## Task to carry out
Return the data below unchanged, without images.

## Input data
....................

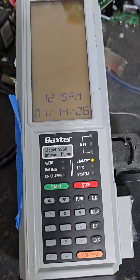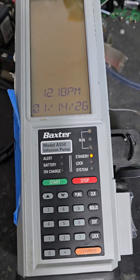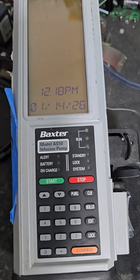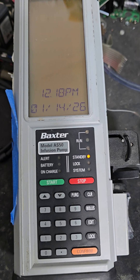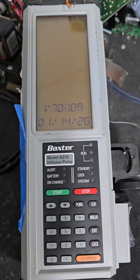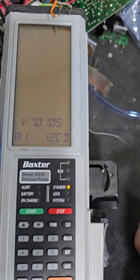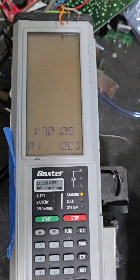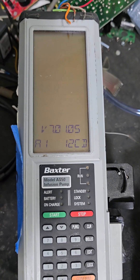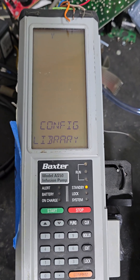There's your date. Next will be your software revision. And then the next screen is where you can start going through stuff.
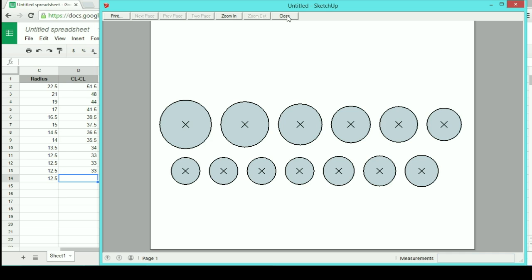So now I can just print this out, go out to the garage, start drilling some holes. Hop on over to the next video to check out how I put it together. And we'll catch you next time, thanks for watching.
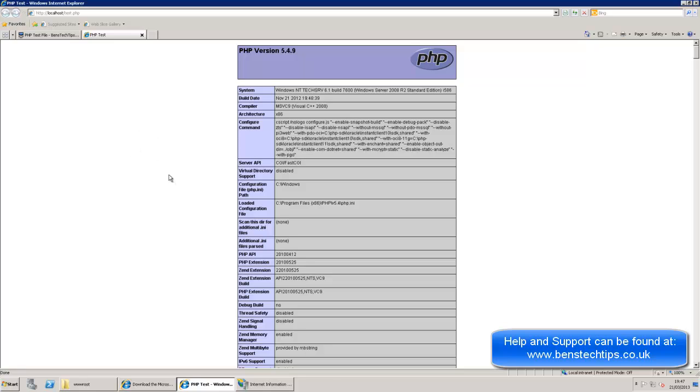So that is basically how you set up PHP on a Windows Server 2008 R2 OS. Thanks for watching. Please check out my next videos and also go to www.benstedtips.co.uk for help and support.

....................

## Written reply
There's your date. Next will be your software revision. And then the next screen is where you can start going through stuff.
So now I can just print this out, go out to the garage, start drilling some holes. Hop on over to the next video to check out how I put it together. And we'll catch you next time, thanks for watching.
So that is basically how you set up PHP on a Windows Server 2008 R2 OS. Thanks for watching. Please check out my next videos and also go to www.benstedtips.co.uk for help and support.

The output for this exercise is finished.